On s'est trompé en croyant à la fin de l'Histoire, à la mort des grandes narrations. Non, l'Histoire n'est pas morte, pas plus que les grandes narrations : elles ont tout simplement muté. Il en va de même pour les idéologies, plus encore pour les idées. On a voulu croire que la mort du contenant entrainerait la mort du contenu, on a confondu le medium avec le message, oubliant que leur essence même dépend d'une relation osmotique.

Et c'est exactement dans cette relation osmotique entre signifiant et signification que la droite a su mieux, et plus vite, se réinventer. Elle a su tirer profit de l'émotivité des réseaux sociaux en chevauchant la vague de la nostalgie, cette nostalgie qui nous pousse à partager sur nos profils virtuels les photos du passé et les chansons de notre adolescence. Cette nostalgie qui est à la base des populismes et de leurs slogans : "Make America great again" ou encore "Remettre la France en ordre". Concepts qui se tournent vers un passé idéalisé et glorieux vers lequel revenir, au lieu de se pencher vers un futur à construire.

Inerte, la gauche a complétement abandonné la recherche d'un nouveau rêve. Le printemps rouge ne s'étant pas produit, il n'y a pas eu nécessité d'imaginer et bâtir un nouvel idéal. Afin de le trouver, la gauche a tout intérêt à abandonner le rétroviseur nostalgique.

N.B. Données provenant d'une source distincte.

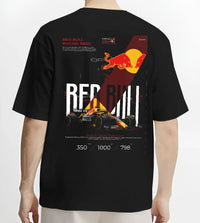 Black T-shirt worn by a male model, back view, featuring rs racing drift formula motorsport street speed performance graphic.
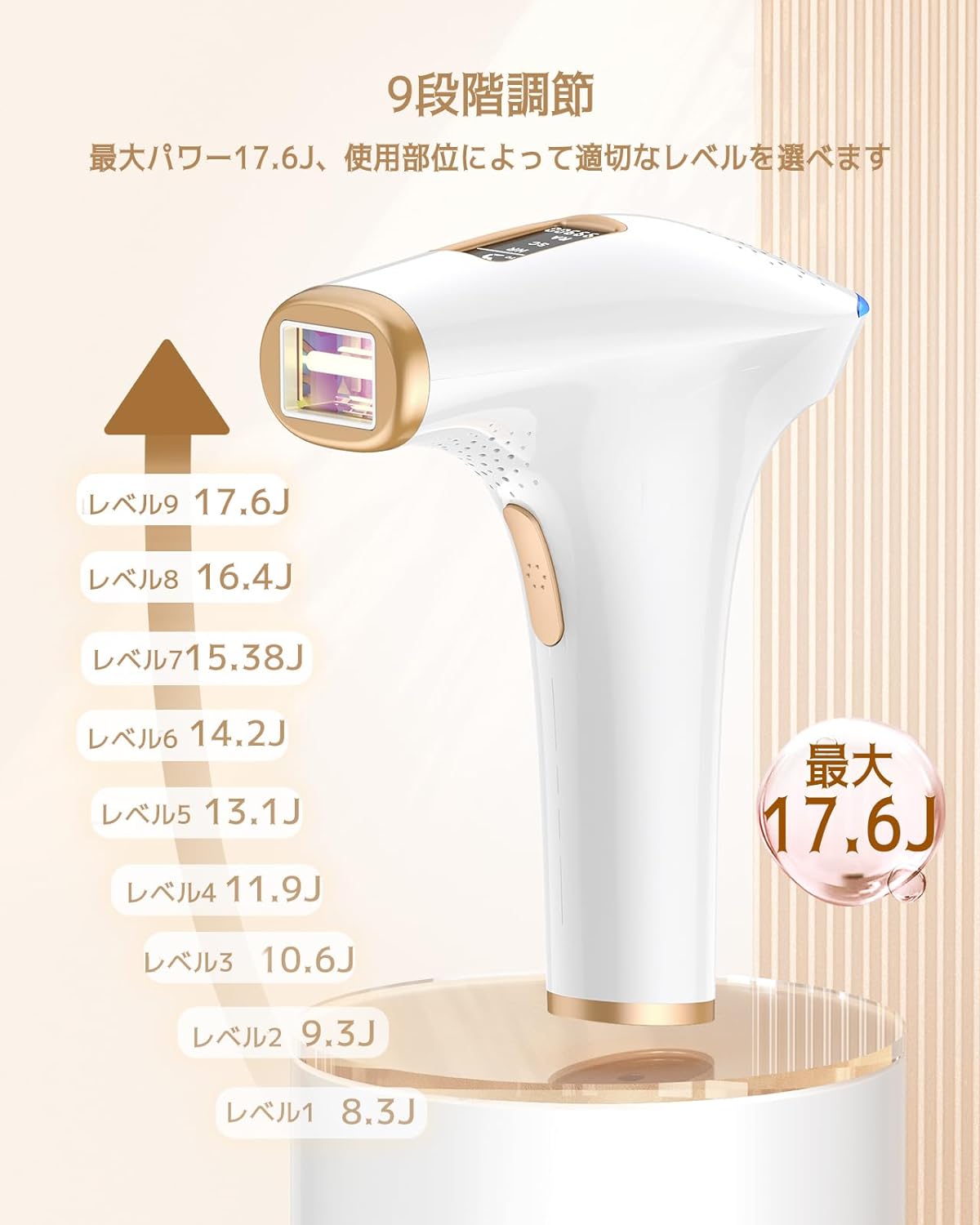 月額2,490円レンタルプラン：BIZINN IPL光脱毛器 AI01D ゴールド – GYMGATE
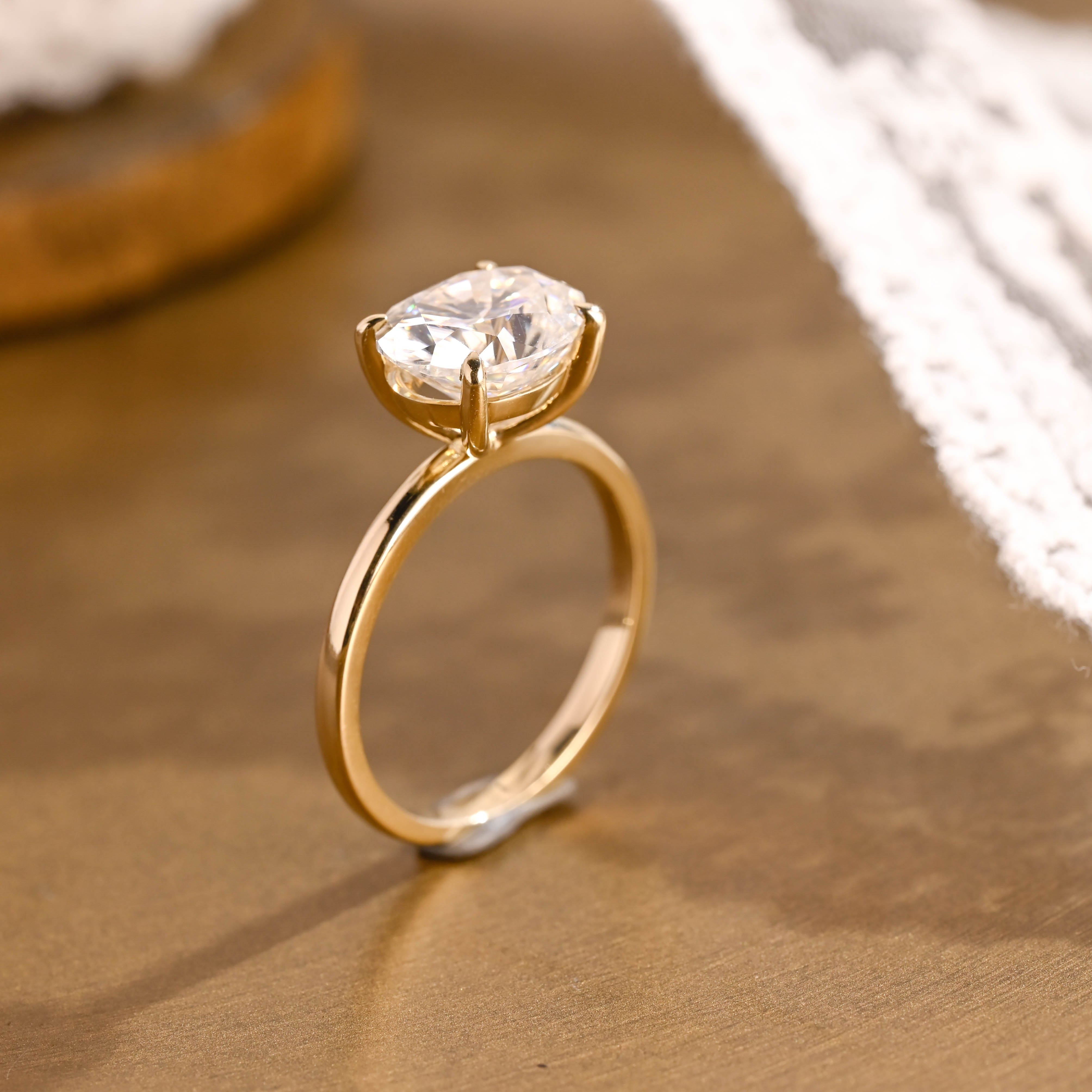 2 CT Emerald Pave Moissanite Engagement Ring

Le Pantheon, l'Histoire, en tant qu'éléments identitaires, doivent être désormais envisagés en devenir plutôt que tels des monolithes intouchables. C'est pour cette raison que la gauche se doit d'abandonner le terrain de la droite - pour mieux dire, le conservatisme - et descendre dans l'arène du progrès ; progrès vu en tant qu'outil pour venir en aide aux plus faibles, aux laissés-pour-compte de la société. La gauche - pour mieux dire, le bloc censé être progressiste - ne peut pas se permettre d'avoir peur du changement, ne peut pas s'opposer aux transformations sur la base d'un quelconque conservatisme, car ainsi faisant elle franchirait les frontières qui la séparent de la droite.

Si la gauche s'aventure dans ces contrées, les électeurs, entre la copie et l'original, choisiront toujours l'original. Si les forces progressistes aspirent à retrouver leur statut d'acteur culturel avant que politique, elles se doivent de remettre en question l'approche adoptée jusqu'à présent afin d'affronter les défis du XXIème siècle. La troisième voie, les politiques giddensiennes, ne sont plus d'actualité car le contexte historique a changé et, surtout, elles n'arrivent pas à souder l'approche sociologique, économique et prophétique. Approche qui fut le jalon de la gauche des années 1900. 

Les nouvelles forces progressistes doivent embrasser le progrès en tant qu'outil d'émancipation de l'homme. Les nouvelles forces progressistes doivent remettre au centre de leur agenda une culture vectrice d'émancipation. Mais la culture vit et se propage seulement quand elle est en relation au medium. Point d'émancipation par le biais du paternalisme. Point d'émancipation qui vient d'en haut. Le progrès, c'est le medium. Il incombe à la gauche du futur d'en écrire le contenu.